Monitoring Pertama KONSURV 2024, Ungkap Tantangan dan Upaya Pemeliharaan Mangrove di Desa Mundu
Tim monitoring KONSURV 2024 yang terdiri dari anggota Himpunan Mahasiswa Ilmu dan Teknologi Kelautan (Himiteka) IPB University melakukan monitoring pertama terhadap inisiatif penanaman mangrove di Desa Mundu, Cirebon, Jawa Barat. Pemantauan ini bertujuan untuk menilai keberhasilan penanaman dan pengaruh tindakan konservasi yang dilakukan sejak Juli 2024.

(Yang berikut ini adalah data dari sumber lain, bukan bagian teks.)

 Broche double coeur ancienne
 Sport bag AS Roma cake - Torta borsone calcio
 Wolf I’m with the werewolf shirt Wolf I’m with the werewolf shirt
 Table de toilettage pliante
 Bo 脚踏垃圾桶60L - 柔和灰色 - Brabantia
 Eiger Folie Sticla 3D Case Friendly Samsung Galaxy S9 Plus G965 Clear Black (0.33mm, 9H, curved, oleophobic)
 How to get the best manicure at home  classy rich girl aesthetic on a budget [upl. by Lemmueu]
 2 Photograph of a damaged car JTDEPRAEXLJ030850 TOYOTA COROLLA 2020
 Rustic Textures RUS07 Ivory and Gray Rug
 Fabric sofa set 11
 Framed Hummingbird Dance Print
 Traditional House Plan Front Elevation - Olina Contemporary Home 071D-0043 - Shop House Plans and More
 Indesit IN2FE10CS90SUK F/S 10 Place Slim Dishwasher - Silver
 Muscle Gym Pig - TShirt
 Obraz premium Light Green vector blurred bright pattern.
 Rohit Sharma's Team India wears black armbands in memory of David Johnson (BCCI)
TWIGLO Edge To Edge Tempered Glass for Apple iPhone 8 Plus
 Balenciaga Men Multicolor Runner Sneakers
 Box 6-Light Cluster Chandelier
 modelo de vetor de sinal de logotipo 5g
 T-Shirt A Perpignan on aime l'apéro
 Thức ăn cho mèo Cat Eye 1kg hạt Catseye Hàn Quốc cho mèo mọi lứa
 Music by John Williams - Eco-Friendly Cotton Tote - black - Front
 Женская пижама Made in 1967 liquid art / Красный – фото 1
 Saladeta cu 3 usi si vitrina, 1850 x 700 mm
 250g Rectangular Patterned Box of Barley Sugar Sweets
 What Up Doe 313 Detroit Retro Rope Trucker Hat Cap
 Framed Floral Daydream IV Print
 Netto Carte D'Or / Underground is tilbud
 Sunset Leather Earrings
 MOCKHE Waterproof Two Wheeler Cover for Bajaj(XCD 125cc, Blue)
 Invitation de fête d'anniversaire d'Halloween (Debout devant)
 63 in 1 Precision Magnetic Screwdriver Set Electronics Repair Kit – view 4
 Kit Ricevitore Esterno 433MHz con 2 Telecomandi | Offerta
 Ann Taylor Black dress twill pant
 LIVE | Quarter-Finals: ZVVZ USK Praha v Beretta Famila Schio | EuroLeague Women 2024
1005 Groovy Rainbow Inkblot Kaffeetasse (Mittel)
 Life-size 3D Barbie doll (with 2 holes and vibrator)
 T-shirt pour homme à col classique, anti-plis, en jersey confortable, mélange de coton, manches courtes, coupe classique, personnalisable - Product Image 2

Dari hasil pemantauan, ditemukan 763 bibit mangrove yang mati, yang sebagian besar disebabkan oleh kejadian alam seperti tenggelam dan ombak besar. Untuk mengatasi hal ini, tim monitoring menanam kembali 200 bibit dengan strategi penanaman satu ajir untuk dua propagul, dan 113 bibit selanjutnya akan ditanam pada hari berikutnya dengan bantuan kru dari Desa Mundu.
Selain itu, sampah, terutama serpihan bambu, terlihat menumpuk di muara sungai-sungai lainnya sehingga memengaruhi kondisi lingkungan Desa Mundu.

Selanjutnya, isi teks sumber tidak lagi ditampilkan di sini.